- Opening Delimiter -
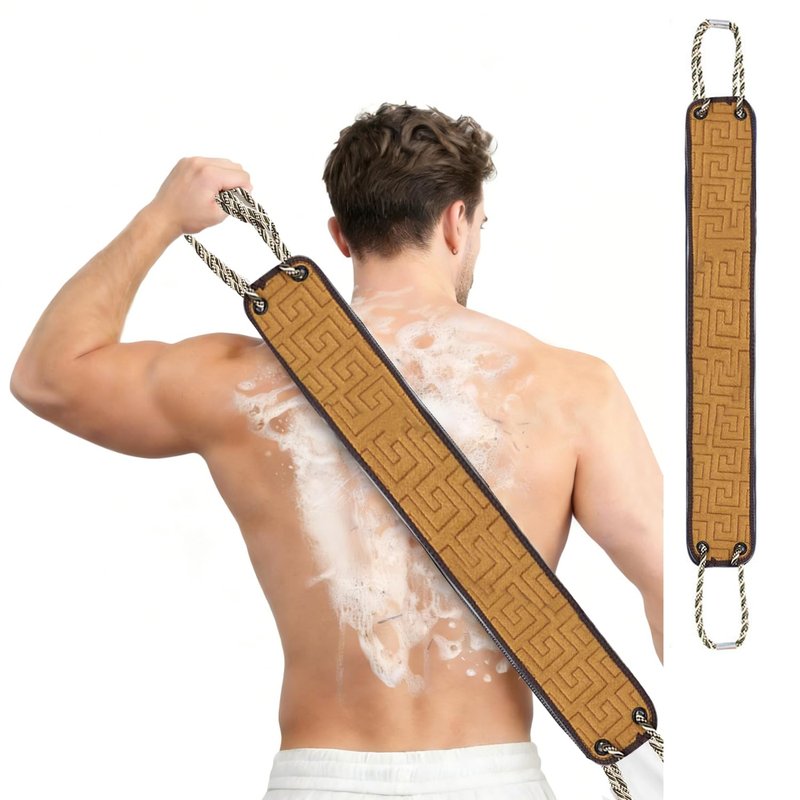 Back Scrubber with Handles, 38 Inches Exfoliating Shower Towel Body Scrubber for Men Women, Double-Sided Back Exfoliator Body Cleaner to Scrub Your Skin, Back Washer for Shower, Bath Scrubber for Body
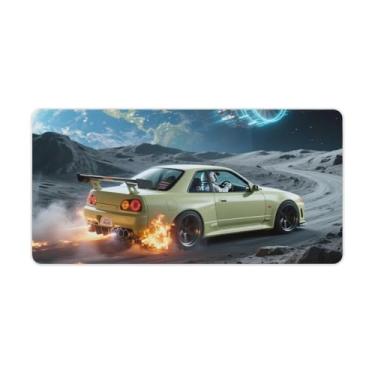 Imagem de HouLaiZhe Tapetes de mesa de carro JDM R32 Sports Car Drift Universe Gaming Mouse pads grandes para teclado de mesa tapete de computador 30 x 60 cm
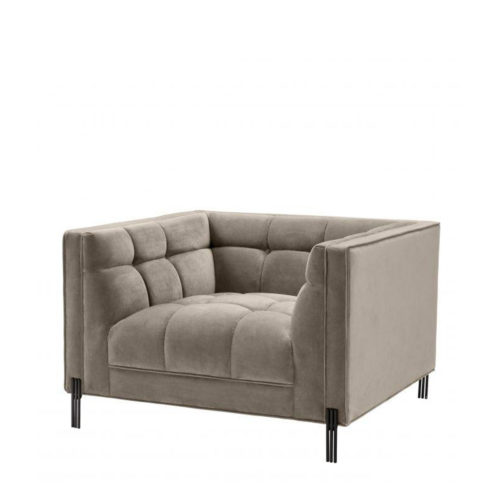 Side view of the Sienna Chair by Eichholtz in grey.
- Closing Delimiter -
Word for word, retype the material above without its pictures.

§ **Task response**:
 Back Scrubber with Handles, 38 Inches Exfoliating Shower Towel Body Scrubber for Men Women, Double-Sided Back Exfoliator Body Cleaner to Scrub Your Skin, Back Washer for Shower, Bath Scrubber for Body
 Imagem de HouLaiZhe Tapetes de mesa de carro JDM R32 Sports Car Drift Universe Gaming Mouse pads grandes para teclado de mesa tapete de computador 30 x 60 cm
 Side view of the Sienna Chair by Eichholtz in grey.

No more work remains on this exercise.